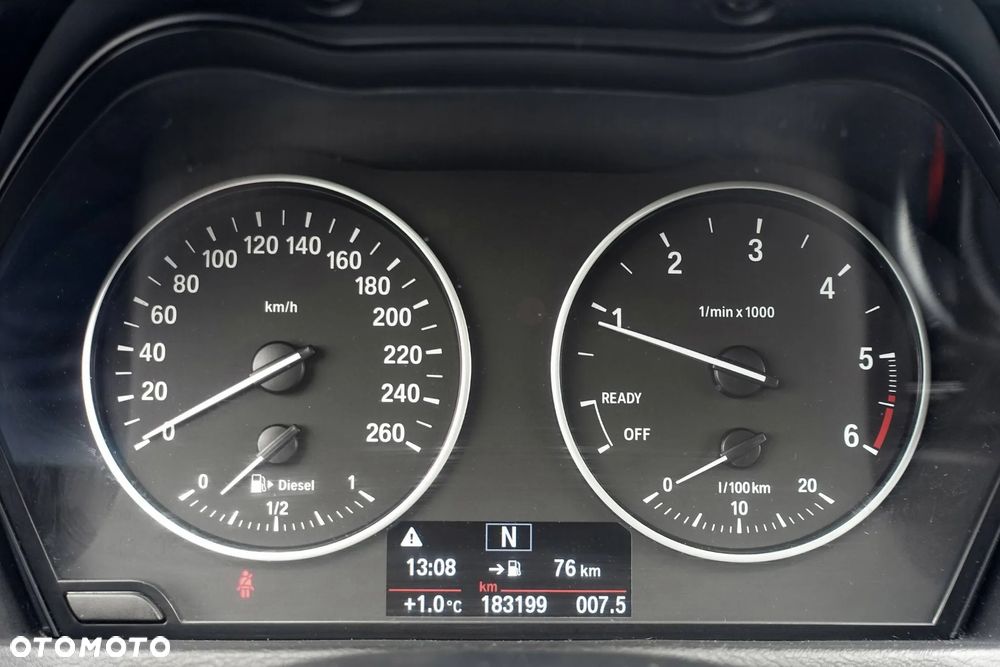 BMW X1 xDrive18d - 17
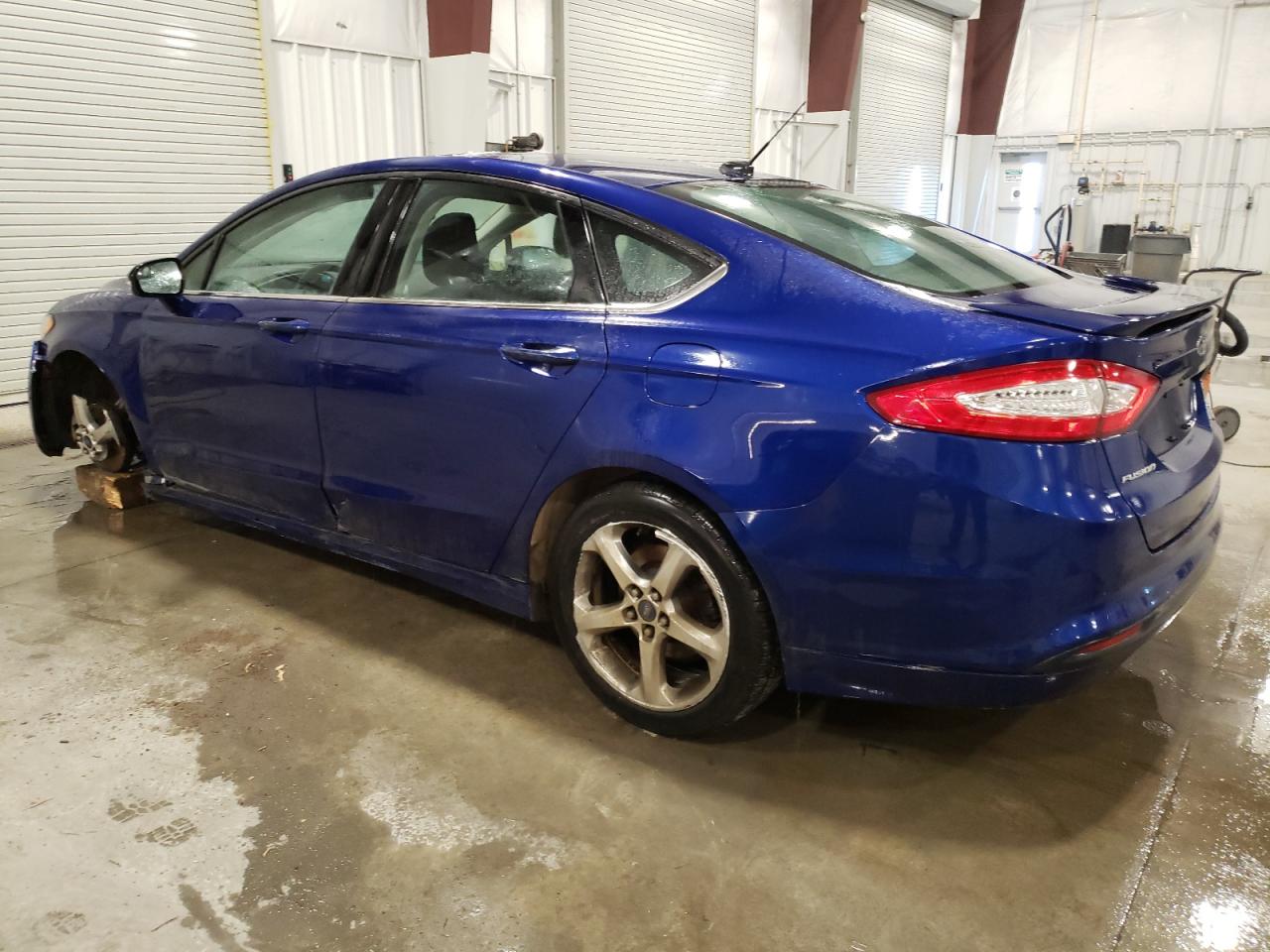 Image 2 of 2013 FORD FUSION SE 2013 with VIN 3FA6P0HR5DR344217
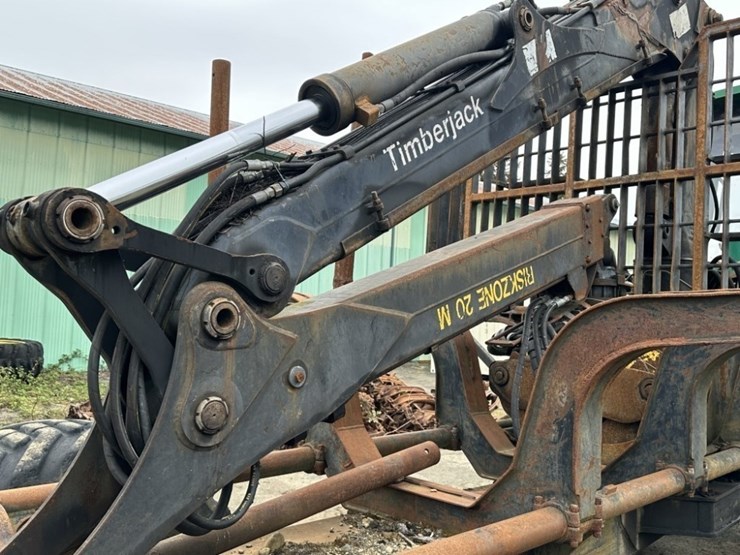 2001-timberjack-1710b-image-18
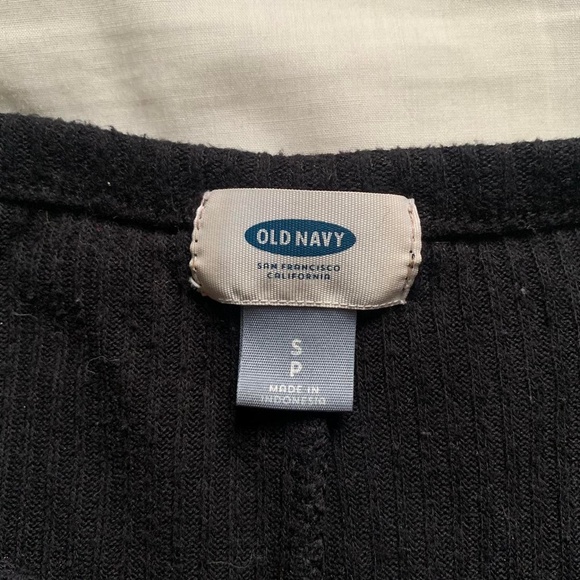 Old Navy women's long sleeved ribbed black shirt, size small, great condition - Picture 4 of 4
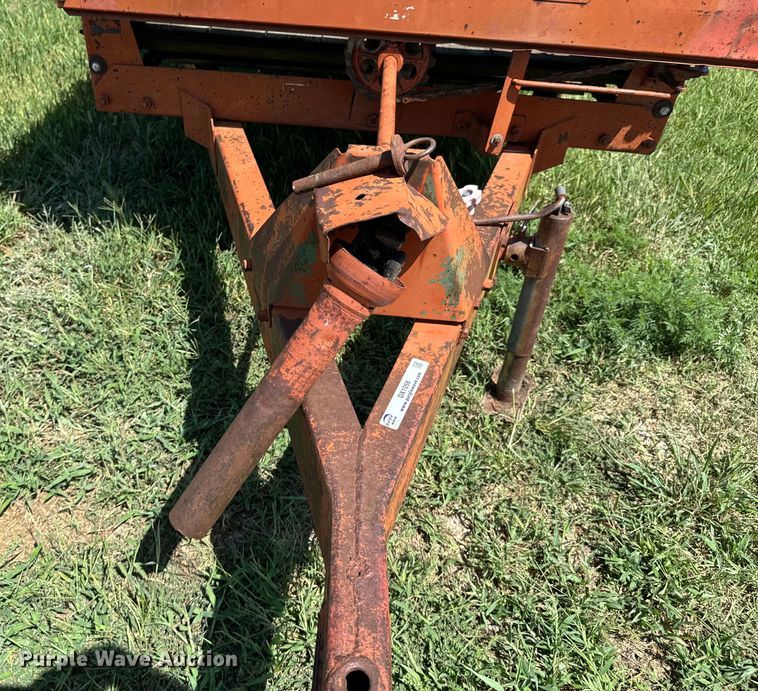 image for item DX1058 AVCO New Idea manure spreader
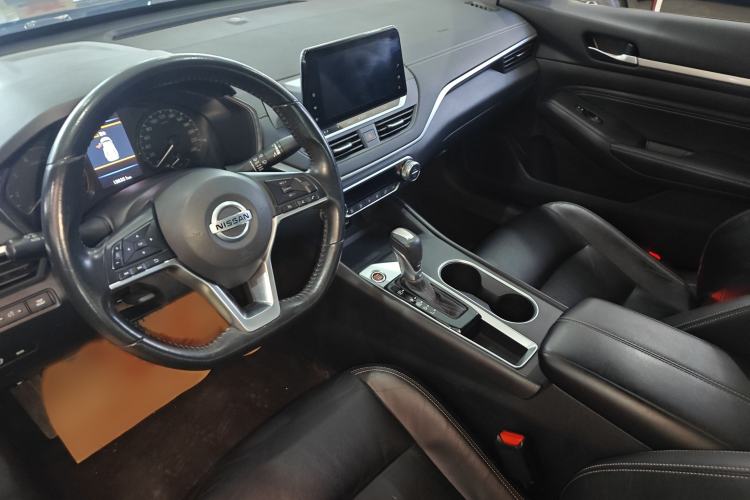Used Nissan Teana 2020 Revised Version 2.0L XL Comfort Edition Interior 3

□ □ □ □ □

What you will do | Above are records to transcribe exactly; leave their pictures out.

Solved problem |
 BMW X1 xDrive18d - 17
 Image 2 of 2013 FORD FUSION SE 2013 with VIN 3FA6P0HR5DR344217
 2001-timberjack-1710b-image-18
 Old Navy women's long sleeved ribbed black shirt, size small, great condition - Picture 4 of 4
 image for item DX1058 AVCO New Idea manure spreader
Used Nissan Teana 2020 Revised Version 2.0L XL Comfort Edition Interior 3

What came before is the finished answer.